- **Task description**: Every line containing the string "Hood" is to be copied from the records.

(Short web captions)

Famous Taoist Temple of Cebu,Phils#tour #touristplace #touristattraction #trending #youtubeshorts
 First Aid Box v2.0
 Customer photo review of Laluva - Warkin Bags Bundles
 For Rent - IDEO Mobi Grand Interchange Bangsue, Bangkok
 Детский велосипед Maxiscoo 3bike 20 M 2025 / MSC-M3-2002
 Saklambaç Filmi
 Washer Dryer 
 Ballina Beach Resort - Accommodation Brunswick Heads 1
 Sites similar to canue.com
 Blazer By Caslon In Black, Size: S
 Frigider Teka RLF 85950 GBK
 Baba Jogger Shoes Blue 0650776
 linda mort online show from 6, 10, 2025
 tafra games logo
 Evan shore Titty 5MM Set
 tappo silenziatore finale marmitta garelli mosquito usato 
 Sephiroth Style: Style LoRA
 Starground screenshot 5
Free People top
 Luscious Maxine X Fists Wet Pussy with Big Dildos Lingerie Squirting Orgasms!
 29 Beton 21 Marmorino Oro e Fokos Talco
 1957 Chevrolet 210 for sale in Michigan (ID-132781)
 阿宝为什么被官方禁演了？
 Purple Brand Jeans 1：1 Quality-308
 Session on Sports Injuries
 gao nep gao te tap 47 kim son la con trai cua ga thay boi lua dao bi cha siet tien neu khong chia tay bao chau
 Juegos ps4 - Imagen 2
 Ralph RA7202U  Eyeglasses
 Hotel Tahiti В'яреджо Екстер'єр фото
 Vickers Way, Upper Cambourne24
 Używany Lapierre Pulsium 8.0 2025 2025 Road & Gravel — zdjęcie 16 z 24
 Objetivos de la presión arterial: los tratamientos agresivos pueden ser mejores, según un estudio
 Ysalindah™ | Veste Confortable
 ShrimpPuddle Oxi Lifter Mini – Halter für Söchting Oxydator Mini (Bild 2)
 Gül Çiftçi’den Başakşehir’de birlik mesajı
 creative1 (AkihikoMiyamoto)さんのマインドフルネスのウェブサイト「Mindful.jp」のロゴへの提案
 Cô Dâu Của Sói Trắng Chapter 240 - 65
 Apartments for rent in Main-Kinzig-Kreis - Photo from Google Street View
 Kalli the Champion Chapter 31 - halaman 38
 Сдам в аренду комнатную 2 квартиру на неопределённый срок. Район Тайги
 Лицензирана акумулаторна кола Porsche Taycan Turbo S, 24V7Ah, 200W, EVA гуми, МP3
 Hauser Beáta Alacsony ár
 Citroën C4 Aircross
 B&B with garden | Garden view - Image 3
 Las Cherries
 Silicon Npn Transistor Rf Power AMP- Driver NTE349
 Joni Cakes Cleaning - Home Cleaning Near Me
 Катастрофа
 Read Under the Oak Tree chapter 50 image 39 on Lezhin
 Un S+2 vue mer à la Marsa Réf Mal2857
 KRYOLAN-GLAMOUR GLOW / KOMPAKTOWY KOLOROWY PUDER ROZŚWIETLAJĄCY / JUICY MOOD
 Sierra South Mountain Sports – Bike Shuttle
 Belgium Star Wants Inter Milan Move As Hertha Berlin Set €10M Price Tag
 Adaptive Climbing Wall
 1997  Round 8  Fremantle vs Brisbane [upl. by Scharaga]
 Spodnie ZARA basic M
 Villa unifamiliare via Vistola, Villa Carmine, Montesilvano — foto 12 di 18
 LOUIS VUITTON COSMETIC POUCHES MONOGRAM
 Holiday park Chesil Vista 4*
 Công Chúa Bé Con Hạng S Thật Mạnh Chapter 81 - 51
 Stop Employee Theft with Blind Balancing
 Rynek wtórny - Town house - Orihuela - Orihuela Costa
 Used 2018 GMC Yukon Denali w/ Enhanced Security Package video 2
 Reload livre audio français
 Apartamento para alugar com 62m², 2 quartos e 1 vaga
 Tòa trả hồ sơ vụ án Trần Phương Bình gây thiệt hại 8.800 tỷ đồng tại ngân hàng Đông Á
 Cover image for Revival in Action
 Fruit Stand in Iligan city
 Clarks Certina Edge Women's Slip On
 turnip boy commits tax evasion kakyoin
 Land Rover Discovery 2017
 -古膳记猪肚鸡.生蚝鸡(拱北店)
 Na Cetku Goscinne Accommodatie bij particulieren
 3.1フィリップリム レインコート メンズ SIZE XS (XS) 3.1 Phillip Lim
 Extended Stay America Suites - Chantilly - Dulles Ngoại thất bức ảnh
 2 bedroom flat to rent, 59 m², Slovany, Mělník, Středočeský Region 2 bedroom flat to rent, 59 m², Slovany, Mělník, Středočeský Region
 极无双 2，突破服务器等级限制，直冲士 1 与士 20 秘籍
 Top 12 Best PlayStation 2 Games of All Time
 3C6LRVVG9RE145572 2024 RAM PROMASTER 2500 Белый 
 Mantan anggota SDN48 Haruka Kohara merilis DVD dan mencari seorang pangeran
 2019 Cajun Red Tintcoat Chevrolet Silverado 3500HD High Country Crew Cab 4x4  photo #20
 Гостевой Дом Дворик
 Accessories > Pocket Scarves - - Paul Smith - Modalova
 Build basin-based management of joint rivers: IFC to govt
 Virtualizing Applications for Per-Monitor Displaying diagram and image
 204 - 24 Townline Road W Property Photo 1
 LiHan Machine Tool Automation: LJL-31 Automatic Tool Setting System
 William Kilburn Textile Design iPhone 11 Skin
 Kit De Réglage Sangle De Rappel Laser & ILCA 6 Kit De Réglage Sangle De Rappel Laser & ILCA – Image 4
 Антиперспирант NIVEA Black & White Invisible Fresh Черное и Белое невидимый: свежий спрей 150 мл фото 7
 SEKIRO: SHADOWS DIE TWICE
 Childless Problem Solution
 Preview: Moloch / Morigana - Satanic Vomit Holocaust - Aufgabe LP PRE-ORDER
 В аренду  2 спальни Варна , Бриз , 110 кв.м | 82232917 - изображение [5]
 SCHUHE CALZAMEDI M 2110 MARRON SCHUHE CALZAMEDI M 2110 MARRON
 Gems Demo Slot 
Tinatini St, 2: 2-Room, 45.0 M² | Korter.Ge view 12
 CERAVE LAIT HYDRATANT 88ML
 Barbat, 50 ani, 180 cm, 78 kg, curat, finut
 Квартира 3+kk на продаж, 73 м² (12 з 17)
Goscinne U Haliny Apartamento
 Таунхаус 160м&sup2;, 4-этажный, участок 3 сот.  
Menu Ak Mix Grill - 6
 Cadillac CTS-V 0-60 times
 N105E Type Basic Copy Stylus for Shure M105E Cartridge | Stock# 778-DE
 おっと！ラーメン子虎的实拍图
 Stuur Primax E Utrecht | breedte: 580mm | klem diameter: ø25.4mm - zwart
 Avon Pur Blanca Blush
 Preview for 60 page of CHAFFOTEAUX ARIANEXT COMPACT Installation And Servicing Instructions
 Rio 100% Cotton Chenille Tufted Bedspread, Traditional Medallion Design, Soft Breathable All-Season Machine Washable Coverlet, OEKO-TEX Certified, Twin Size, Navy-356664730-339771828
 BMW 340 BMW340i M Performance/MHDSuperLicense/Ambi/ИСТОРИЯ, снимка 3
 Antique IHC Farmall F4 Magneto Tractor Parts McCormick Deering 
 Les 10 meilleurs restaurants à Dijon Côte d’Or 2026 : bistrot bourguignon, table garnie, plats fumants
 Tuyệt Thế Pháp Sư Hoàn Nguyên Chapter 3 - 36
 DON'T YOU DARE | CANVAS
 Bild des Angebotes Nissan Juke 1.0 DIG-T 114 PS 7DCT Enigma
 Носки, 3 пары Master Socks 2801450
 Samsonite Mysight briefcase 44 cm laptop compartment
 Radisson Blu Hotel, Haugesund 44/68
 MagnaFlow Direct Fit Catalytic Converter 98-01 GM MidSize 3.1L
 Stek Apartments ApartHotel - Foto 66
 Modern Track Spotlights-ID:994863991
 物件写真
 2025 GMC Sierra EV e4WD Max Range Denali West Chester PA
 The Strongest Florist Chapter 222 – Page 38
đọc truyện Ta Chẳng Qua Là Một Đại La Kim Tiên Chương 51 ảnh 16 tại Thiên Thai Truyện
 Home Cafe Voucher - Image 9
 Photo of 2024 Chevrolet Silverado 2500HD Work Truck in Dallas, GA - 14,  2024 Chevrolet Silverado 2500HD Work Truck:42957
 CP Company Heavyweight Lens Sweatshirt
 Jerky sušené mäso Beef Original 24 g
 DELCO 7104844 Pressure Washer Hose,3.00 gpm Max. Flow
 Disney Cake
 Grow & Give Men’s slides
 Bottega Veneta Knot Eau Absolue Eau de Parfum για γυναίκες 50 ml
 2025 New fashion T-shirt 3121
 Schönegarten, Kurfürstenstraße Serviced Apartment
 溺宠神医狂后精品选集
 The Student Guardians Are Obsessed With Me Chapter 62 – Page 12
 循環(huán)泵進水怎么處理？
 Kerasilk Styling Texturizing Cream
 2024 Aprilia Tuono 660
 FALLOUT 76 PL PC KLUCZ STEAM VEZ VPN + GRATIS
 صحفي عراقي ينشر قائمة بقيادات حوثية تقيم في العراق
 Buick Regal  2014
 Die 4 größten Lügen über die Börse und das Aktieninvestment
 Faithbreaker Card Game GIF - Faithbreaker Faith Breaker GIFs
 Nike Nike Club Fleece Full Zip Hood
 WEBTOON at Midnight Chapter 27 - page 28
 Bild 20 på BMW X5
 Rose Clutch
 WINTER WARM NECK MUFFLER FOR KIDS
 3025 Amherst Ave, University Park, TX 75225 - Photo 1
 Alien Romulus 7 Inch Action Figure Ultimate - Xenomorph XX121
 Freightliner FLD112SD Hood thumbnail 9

- **Exercise result**:
 Nike Nike Club Fleece Full Zip Hood
 Freightliner FLD112SD Hood thumbnail 9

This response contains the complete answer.